Inside the country, China is rolling out a program that would require new cars to have radio-frequency identification (RFID) chips installed on the windshield, providing information on the vehicles as they pass reading devices on the sides of the road, according to The Wall Street Journal. The government claims the purpose of the chips is to study traffic congestion on roads in order to reduce pollution, but given China’s growing surveillance program, the system would likely be used to monitor citizens.
The government claims the purpose of the chips is to study traffic congestion on roads in order to reduce pollution, but the system would likely be used to monitor citizens.
The program, mandatory for all new vehicles starting in 2019, is the latest step towards China’s goal of tracking all its citizens. Already, a network of surveillance cameras with facial recognition software blanket China’s cities and feed information to the centralized “Sharp Eyes” system.
Today China’s most sophisticated surveillance system is in the western region of Xinjiang, home to the Muslim Uighur ethnic minority. China has locked up hundreds of thousands of Uighurs in “reeducation camps” for practicing their religion, accessing banned sites on their phones, or having family members studying abroad.
A report by Foreign Policy revealed that Western investors, including firms like JPMorgan, Vanguard, and Fidelity, have invested heavily in two of China’s major security camera companies, Hikvision and Dahua Technology. The two companies have won at least $1.2 billion in government contracts for surveillance projects across Xinjiang targeting Uighurs. Companies like Intel and Nvidia are also helping Hikvision and Dahua improve their artificial intelligence capabilities, Foreign Policy reported.
China’s surveillance is extremely concerning for groups that Beijing considers politically sensitive: Uighurs, Tibetans, dissidents, and human rights advocates. And as the government devises new ways to track its people inside China, it’s also finding new ways to pressure those who have fled the country. One method: preventing family members—including American citizens—from leaving China.
Last year, Beijing stopped at least three U.S. citizens, including a pregnant woman, from exiting the country, according to The Daily Beast. The State Department’s travel advisory for China states that China uses exit bans on U.S. citizens not only in cases of business disputes, court orders, and government investigations, but also “to compel their family members or colleagues to cooperate with Chinese courts or investigators.”
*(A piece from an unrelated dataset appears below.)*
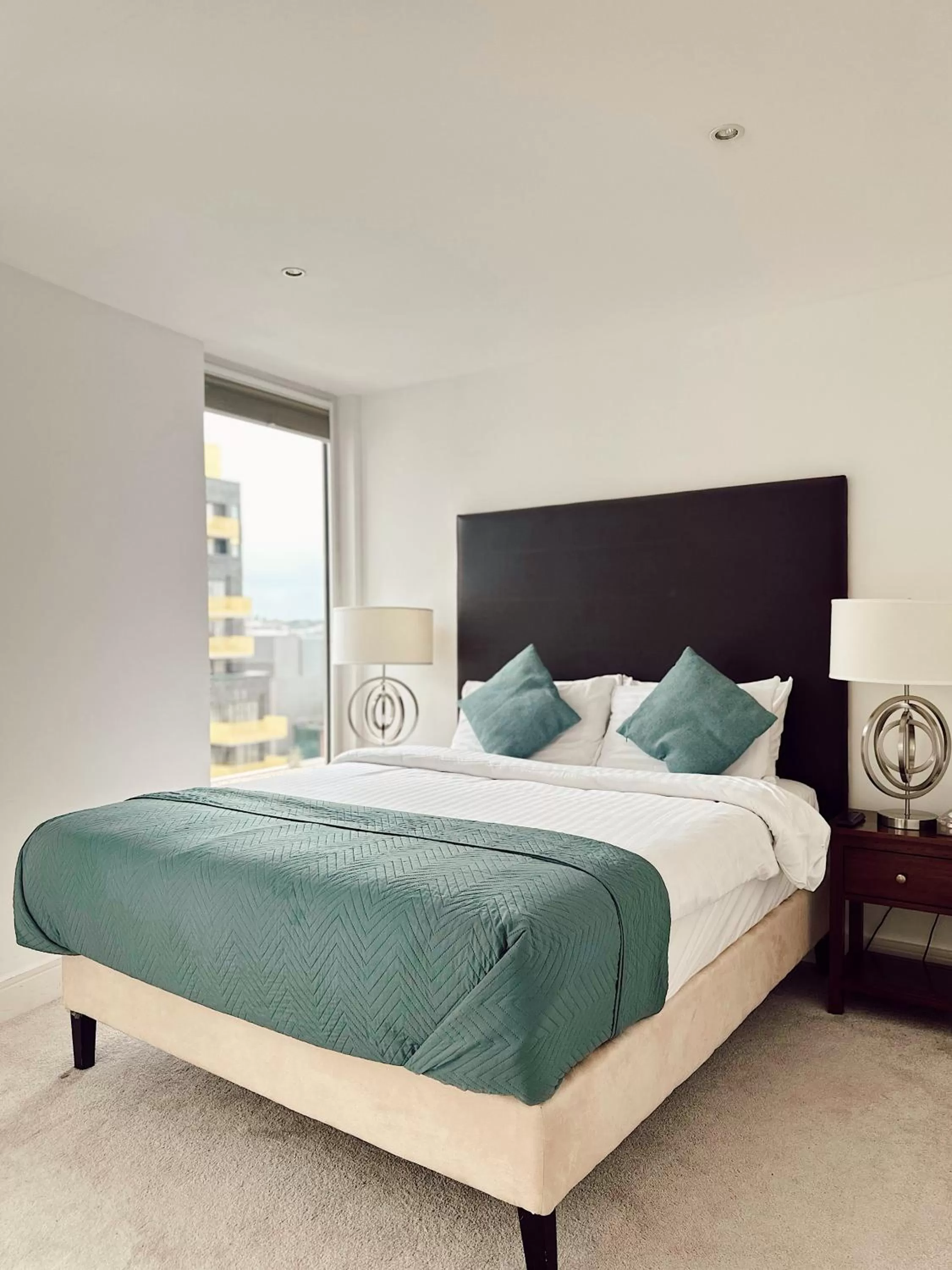 Bed in Canary Wharf - Luxury Apartments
John Kamm of the U.S.-based human rights group Dui Hua Foundation told The Daily Beast he knew of two dozen cases in the past year and a half where Americans were not allowed to leave China. Last year, Beijing prevented University of Technology Sydney associate professor Feng Chongyi from leaving the country while on a trip to research Chinese human rights lawyers. Authorities finally allowed Feng to return home after international coverage of his situation.
Last week, China continued its interference in Australia by reportedly threatening the TV producers of a scheduled news segment about China’s growing influence in the Pacific region. Kirsty Thomson, executive producer of Australia’s 60 Minutes, said she received an angry phone call from the Chinese Embassy in Canberra.
“Take this down and take it to your leaders,” yelled Cao Saxian, the embassy’s head of media affairs. According to Australia’s 9News, Cao claimed the show’s crew had illegally filmed the exterior of the Chinese Embassy on the island of Vanuatu and flown a drone over it. Thomson countered that they had filmed the embassy from a public space and the drone did not fly over the embassy.
“You will listen,” Cao continued, shouting over the phone, according to Thomson. “There must be no more misconduct in the future.”
Standing up to power:
In an interview in The New York Review of Books, Guo Yuhua, a professor at Beijing’s Tsinghua University and an outspoken public intellectual, speaks out about what it’s like to have her own censor, how the Communist Party has destroyed real Chinese culture, and how Chinese college students are brainwashed. “In China, everyone criticizes the market and capitalism,” Guo said. “That’s really easy. That’s safe. But that’s not China’s problem. The problem isn’t capitalism. It’s power.”